The U.S. stock market and its major indexes opened the week on a dour note as fear spiked over Friday’s sequestration deadline and doubts regarding the political future of Italy.
Major stock market indexes finished deeply in the red with the Dow Jones Industrial Average (DIA) dropping 216 points, (1.55%) the S&P 500 (SPY) falling 1.83%, the Nasdaq 100 (QQQ) tumbling 1.33% and the Russell 2000 (IWM) slipping 2.22%.
In other major markets, gold (GLD) gained 0.19% to close at $1579.60 and oil (NYSEARCA:USO) gained 0.3% to close at $93.27.
VIX, the CBOE S&P 500 Volatility Index, (VXX) also known as the “fear index,” spiked 34.02% as fear reentered U.S. financial markets.
The big worries center around this Friday’s sequestration deadline that, until today, has largely been a non-event. Investors apparently have been confident that yet another 11th hour solution would be reached by Congress and the White House, however, with just four days to go and both sides digging into their positions, the likelihood of the enforced cuts in government spending appears to be growing.

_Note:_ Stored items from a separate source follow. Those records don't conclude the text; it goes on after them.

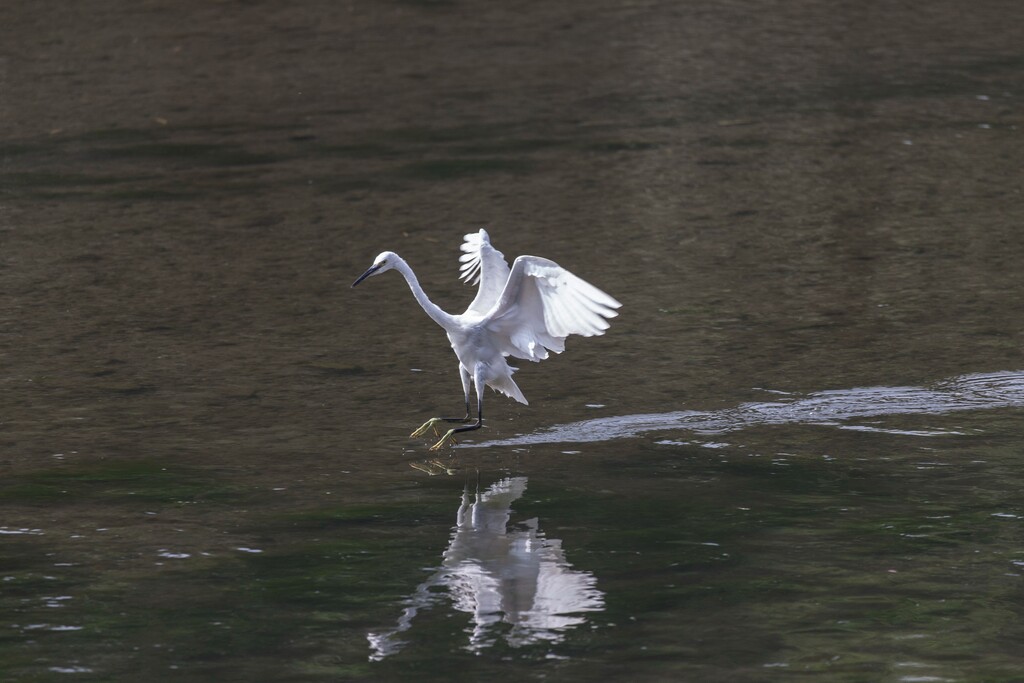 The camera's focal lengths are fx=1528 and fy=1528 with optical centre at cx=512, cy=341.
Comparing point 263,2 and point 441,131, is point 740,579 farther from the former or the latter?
point 263,2

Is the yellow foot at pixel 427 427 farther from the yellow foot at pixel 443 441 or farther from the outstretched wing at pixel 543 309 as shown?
the outstretched wing at pixel 543 309

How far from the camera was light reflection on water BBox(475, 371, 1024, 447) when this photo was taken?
766 centimetres

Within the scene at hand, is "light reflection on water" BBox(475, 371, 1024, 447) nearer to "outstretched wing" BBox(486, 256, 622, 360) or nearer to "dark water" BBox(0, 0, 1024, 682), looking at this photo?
"dark water" BBox(0, 0, 1024, 682)

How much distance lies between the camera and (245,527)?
6.45 meters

Today President Obama continued his informational blitz by calling on Republican Governors for cooperation and on Congress for compromise, while top Republican Congressmen John Boehner and Eric Cantor said that the President should work with Republicans. Despite these calls for working together, both sides remain far apart on the twin issues of increased taxes and government spending cuts in their respective prescriptions for avoiding the sequester.

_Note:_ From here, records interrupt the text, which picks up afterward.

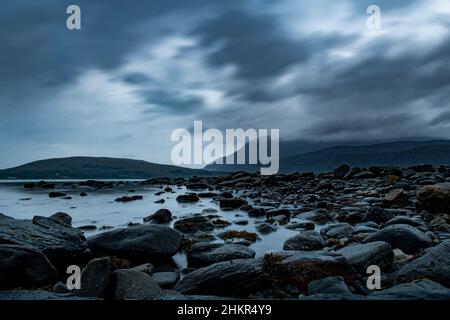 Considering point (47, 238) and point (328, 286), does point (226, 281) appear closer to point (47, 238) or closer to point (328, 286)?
point (328, 286)

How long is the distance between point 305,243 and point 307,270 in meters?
3.35

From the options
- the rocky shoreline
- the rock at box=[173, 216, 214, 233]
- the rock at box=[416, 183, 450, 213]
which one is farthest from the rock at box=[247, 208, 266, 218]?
the rock at box=[416, 183, 450, 213]

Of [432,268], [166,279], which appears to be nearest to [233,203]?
[166,279]

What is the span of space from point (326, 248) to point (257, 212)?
8.20m

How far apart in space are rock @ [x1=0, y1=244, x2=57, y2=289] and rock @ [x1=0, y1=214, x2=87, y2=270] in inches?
34.5

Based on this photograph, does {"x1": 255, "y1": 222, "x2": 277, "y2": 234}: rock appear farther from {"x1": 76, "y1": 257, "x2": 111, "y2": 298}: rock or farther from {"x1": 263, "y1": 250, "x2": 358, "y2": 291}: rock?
{"x1": 76, "y1": 257, "x2": 111, "y2": 298}: rock

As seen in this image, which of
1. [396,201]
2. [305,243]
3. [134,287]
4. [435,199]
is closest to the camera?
[134,287]

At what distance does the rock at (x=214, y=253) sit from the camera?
7.81 metres

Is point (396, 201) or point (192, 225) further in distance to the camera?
point (396, 201)

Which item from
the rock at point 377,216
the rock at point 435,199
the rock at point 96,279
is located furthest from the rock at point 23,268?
the rock at point 435,199

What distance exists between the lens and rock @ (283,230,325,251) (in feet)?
29.3

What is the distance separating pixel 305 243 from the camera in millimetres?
8969

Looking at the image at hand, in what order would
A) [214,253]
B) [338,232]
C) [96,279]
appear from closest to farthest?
1. [96,279]
2. [214,253]
3. [338,232] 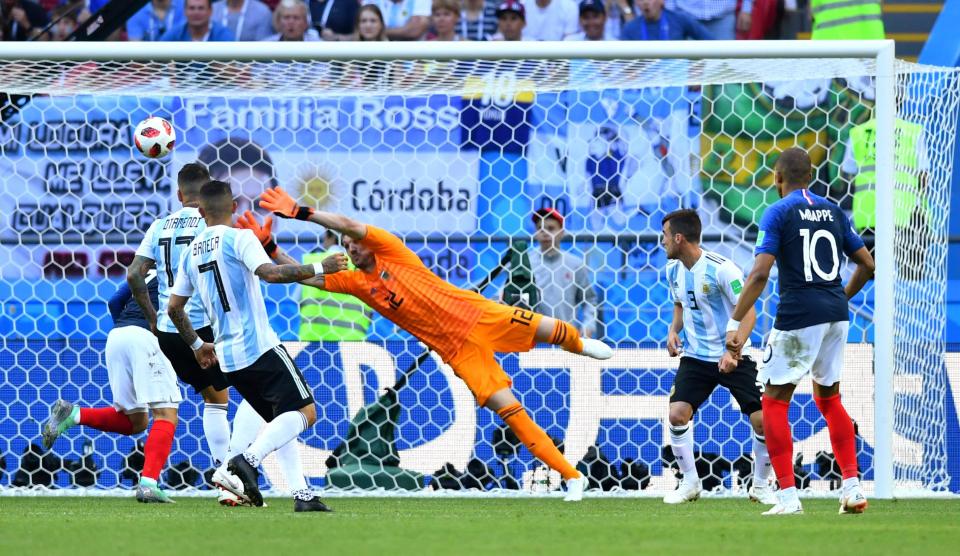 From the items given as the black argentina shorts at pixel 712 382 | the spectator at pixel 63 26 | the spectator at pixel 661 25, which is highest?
the spectator at pixel 63 26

With the clock ticking towards Friday, this high stakes game of chicken will likely continue rattling markets all week and even beyond should the cuts go into force.
In Italy, a widely watched election appears to have ended with potentially creating a split Parliament due to an unexpectedly strong showing by Silvio Berlusconi’s party in the Italian Senate races. The final result is yet unknown, but a hung government would be a first for the country and could serve to undermine the recent, publicly unpopular path of austerity that the country has undertaken.
Bottom line: The U.S. stock market has retreated from recent highs and now faces growing uncertainty as Friday’s sequestration deadline approaches. If Congress and the President can engineer another 11th hour save, as they have several times before, the stock market should return to calm and its previous upward trajectory. If the President and Congress fail to pull a rabbit out of their hats, volatility and downward momentum is the most probable outcome.